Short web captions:

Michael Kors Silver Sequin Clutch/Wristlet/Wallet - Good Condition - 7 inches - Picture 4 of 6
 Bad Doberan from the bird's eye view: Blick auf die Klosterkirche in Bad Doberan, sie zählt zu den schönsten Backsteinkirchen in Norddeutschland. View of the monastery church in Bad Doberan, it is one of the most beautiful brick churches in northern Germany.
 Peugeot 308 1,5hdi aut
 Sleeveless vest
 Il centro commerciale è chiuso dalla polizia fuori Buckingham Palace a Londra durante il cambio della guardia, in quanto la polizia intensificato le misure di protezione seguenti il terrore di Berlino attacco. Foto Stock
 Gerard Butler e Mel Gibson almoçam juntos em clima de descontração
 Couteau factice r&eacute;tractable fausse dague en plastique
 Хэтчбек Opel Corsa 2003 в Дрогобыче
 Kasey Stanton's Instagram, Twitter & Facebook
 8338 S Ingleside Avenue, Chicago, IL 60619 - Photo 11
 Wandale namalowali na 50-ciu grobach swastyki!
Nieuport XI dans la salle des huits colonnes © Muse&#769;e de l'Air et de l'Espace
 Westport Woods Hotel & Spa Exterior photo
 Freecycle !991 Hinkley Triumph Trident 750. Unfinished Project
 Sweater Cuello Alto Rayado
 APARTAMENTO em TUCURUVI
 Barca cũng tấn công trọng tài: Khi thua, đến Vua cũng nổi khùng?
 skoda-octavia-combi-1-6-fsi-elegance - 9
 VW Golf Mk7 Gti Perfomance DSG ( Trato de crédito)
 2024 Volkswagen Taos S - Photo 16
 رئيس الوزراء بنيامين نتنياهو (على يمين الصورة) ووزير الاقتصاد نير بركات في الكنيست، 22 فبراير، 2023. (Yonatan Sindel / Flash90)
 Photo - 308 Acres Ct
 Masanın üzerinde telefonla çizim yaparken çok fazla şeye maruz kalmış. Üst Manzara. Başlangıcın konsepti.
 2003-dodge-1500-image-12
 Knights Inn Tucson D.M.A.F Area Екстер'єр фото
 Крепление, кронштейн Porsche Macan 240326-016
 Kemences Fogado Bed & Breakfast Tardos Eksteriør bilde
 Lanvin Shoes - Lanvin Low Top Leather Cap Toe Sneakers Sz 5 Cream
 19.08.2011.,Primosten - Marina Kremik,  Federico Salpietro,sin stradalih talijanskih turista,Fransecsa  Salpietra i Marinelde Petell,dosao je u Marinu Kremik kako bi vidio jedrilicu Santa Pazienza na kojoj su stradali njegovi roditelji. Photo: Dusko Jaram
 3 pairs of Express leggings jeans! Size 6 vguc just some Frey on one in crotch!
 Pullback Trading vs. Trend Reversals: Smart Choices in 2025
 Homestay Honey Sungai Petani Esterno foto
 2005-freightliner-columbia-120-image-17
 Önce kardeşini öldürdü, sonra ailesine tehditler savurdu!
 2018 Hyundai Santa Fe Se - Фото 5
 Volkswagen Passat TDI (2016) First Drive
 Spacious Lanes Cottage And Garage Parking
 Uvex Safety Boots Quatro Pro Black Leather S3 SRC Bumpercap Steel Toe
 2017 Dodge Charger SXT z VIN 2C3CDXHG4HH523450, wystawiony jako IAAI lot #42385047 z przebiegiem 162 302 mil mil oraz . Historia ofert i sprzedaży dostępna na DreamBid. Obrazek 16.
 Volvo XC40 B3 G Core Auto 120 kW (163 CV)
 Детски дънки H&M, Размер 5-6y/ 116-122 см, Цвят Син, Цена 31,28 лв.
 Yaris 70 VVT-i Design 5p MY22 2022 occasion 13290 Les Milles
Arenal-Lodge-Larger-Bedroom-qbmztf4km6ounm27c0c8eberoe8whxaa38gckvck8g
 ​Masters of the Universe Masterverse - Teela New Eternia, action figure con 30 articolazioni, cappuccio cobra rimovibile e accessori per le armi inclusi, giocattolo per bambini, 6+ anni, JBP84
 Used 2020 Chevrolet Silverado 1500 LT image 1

● **HOW TO COMPLETE THIS TASK**
Print again the lines of the entries above that fall between the line holding "Gerard Butler e" and the line holding "Lanvin Shoes - Lanvin", inclusive, exactly as they stand.

● **PROBLEM SOLUTION**
 Gerard Butler e Mel Gibson almoçam juntos em clima de descontração
 Couteau factice r&eacute;tractable fausse dague en plastique
 Хэтчбек Opel Corsa 2003 в Дрогобыче
 Kasey Stanton's Instagram, Twitter & Facebook
 8338 S Ingleside Avenue, Chicago, IL 60619 - Photo 11
 Wandale namalowali na 50-ciu grobach swastyki!
Nieuport XI dans la salle des huits colonnes © Muse&#769;e de l'Air et de l'Espace
 Westport Woods Hotel & Spa Exterior photo
 Freecycle !991 Hinkley Triumph Trident 750. Unfinished Project
 Sweater Cuello Alto Rayado
 APARTAMENTO em TUCURUVI
 Barca cũng tấn công trọng tài: Khi thua, đến Vua cũng nổi khùng?
 skoda-octavia-combi-1-6-fsi-elegance - 9
 VW Golf Mk7 Gti Perfomance DSG ( Trato de crédito)
 2024 Volkswagen Taos S - Photo 16
 رئيس الوزراء بنيامين نتنياهو (على يمين الصورة) ووزير الاقتصاد نير بركات في الكنيست، 22 فبراير، 2023. (Yonatan Sindel / Flash90)
 Photo - 308 Acres Ct
 Masanın üzerinde telefonla çizim yaparken çok fazla şeye maruz kalmış. Üst Manzara. Başlangıcın konsepti.
 2003-dodge-1500-image-12
 Knights Inn Tucson D.M.A.F Area Екстер'єр фото
 Крепление, кронштейн Porsche Macan 240326-016
 Kemences Fogado Bed & Breakfast Tardos Eksteriør bilde
 Lanvin Shoes - Lanvin Low Top Leather Cap Toe Sneakers Sz 5 Cream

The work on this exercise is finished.